Moreover, if you’re Indian, don’t even think about trying to strike it rich in Pakistan. The Reserve Bank of India has forbidden Indian nationals from investing in Pakistan's manufacturing sector. It seems to have made no difference that New Delhi is sticking by its claim that no Pakistan-specific Non-Tariff Barriers (NTBs) have been imposed. It seems a bit bizarre, especially given the fact that those in India are not restricted vis-à-vis making investments in any other part of the world.
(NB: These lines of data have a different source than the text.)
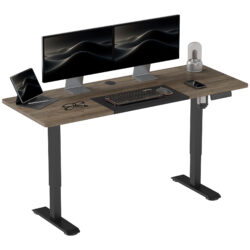 Vinsetto Height Adjustable Electric Standing Desk with 4 Automatic Memory Preset 140cm x 70cm Tabletop Stand Up Desk for Home Office Aosom UK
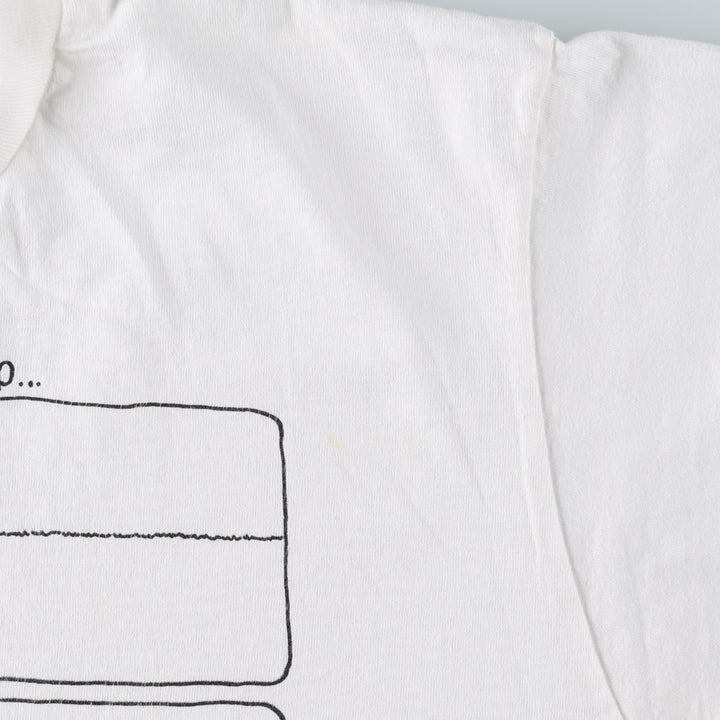 80'S Fruit of the Loom Art T-Shirt, Made in Canada, Men's XL equivalent, Vintage cotton white type Vintage Second Hand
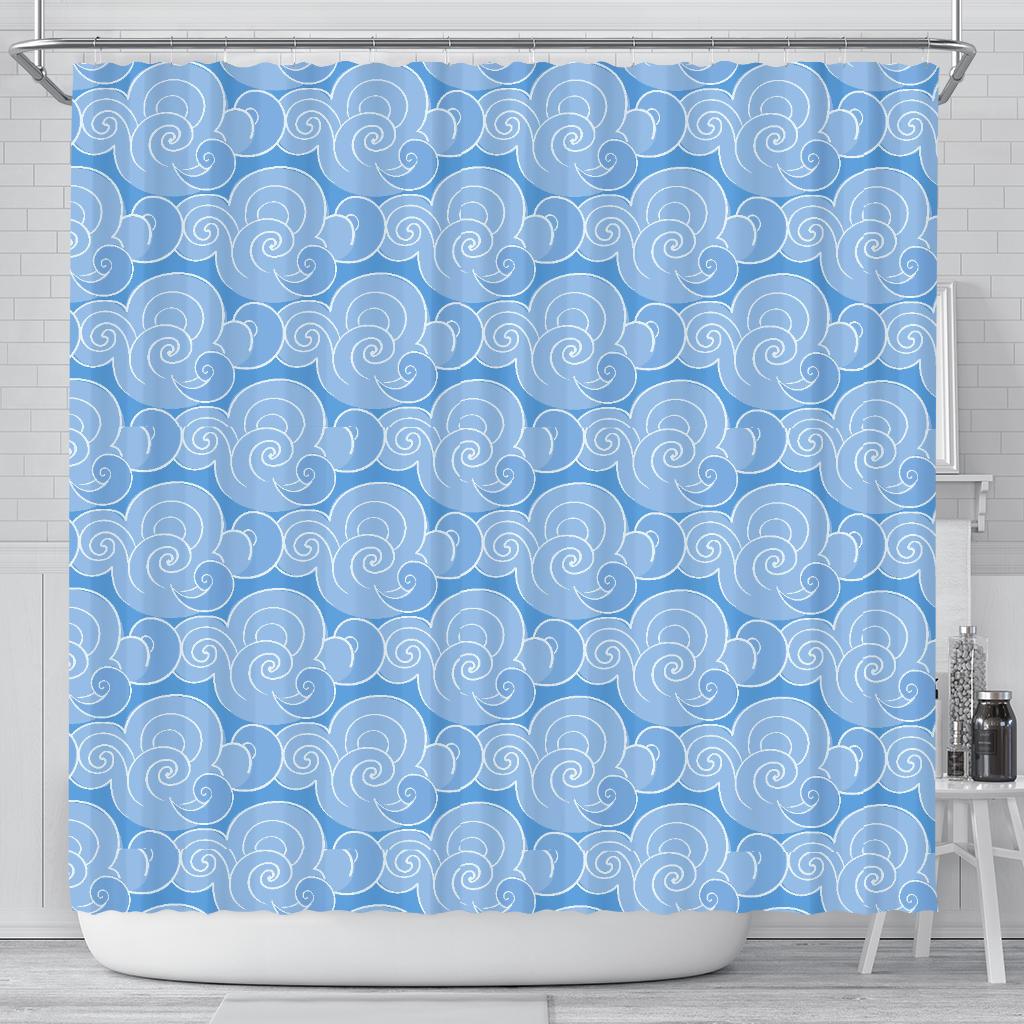 Cloud Pattern Print Bathroom Shower Curtain-grizzshop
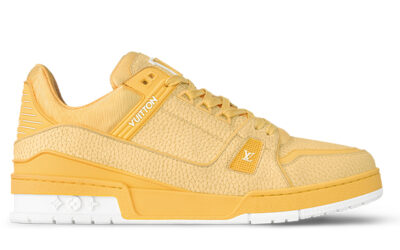 Giày Louis Vuitton LV Trainer Grained Calf Leather Yellow Best Quality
So what other hope remains for those seeking to invest in Pakistan? There are some great stories actually. One just has to take a look at what Concentrated Solar Thermal Power has achieved. Head of the company Samir Hoodbhoy initiated and successfully directed the creation of the Central Design Bureau of Pakistan Steel Mills in 1988-92. It wasn’t easy back then, but over the last two decades-plus, he has been able to establish the groundwork for three leading educational institutions in the field of ICT and been on the Board of Advisors of several other civic and educational organizations. In the field of wind power and solar energy, Concentrated Solar Thermal Power technology has been hugely successful, providing an alternative to Photovoltaic cells; boasting conversion efficiencies of 30 per cent. And that’s all in Pakistan – the region we seem to be led to believe is not the place to invest in without a whole lot of trouble and strife.
In conclusion, it seems that yes indeed, there are challenges in Pakistan; no-one can deny that, but as the Chinese symbol of “challenge” states “challenge is the same as opportunity.” Clearly as we have seen, there are plenty of business opportunities in Pakistan as well.